- Langeri Location in Punjab, India Langeri Langeri (India)
- Coordinates: 31°10′31″N 75°55′44″E﻿ / ﻿31.1752602°N 75.9288794°E
- Country: India
- State: Punjab
- District: Shaheed Bhagat Singh Nagar

Government
- • Type: Panchayat raj
- • Body: Gram panchayat
- Elevation: 251 m (823 ft)

Population (2011)
- • Total: 1,526
- Sex ratio 793/733 ♂/♀

Languages
- • Official: Punjabi
- Time zone: UTC+5:30 (IST)
- PIN: 144504
- Telephone code: 01884
- ISO 3166 code: IN-PB
- Post office: Behram
- Website: nawanshahr.nic.in

= Langeri =

Langeri is a village in Shaheed Bhagat Singh Nagar district of Punjab State, India. It is located 6.4 km away from postal head office Behram, 8 km from Banga, 19 km from district headquarter Shaheed Bhagat Singh Nagar and 112 km from state capital Chandigarh. The village is administrated by Sarpanch an elected representative of the village.

== Demography ==
As of 2011, Langeri has a total number of 331 houses and population of 1526 of which 793 include are males while 733 are females according to the report published by Census India in 2011. The literacy rate of Langeri is 77.44%, higher than the state average of 75.84%. The population of children under the age of 6 years is 161 which is 10.55% of total population of Langeri, and child sex ratio is approximately 917 as compared to Punjab state average of 846.

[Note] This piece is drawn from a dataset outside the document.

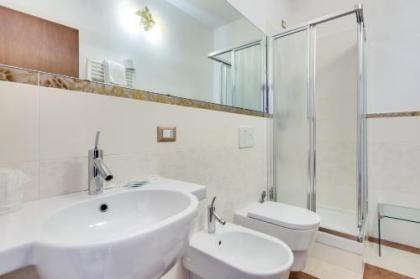 Hotel At Leonard - image 10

Most of the people are from Schedule Caste which constitutes 69.53% of total population in Langeri. The town does not have any Schedule Tribe population so far.

As per the report published by Census India in 2011, 458 people were engaged in work activities out of the total population of Langeri which includes 422 males and 36 females. According to census survey report 2011, 41.70% workers describe their work as main work and 58.30% workers are involved in Marginal activity providing livelihood for less than 6 months.

== Education ==
The village has a Punjabi medium, co-ed upper primary school founded in 1944. The schools provide mid-day meal as per Indian Midday Meal Scheme. As per Right of Children to Free and Compulsory Education Act the school provide free education to children between the ages of 6 and 14. Amardeep Singh Shergill Memorial college Mukandpur and Sikh National College Banga are the nearest colleges.

== Transport ==
Banga train station is the nearest train station however, Phagwara Junction railway station is 37 km away from the village. Sahnewal Airport is the nearest domestic airport which located 87 km away in Ludhiana and the nearest international airport is located in Chandigarh also Sri Guru Ram Dass Jee International Airport is the second nearest airport which is 149 km away in Amritsar.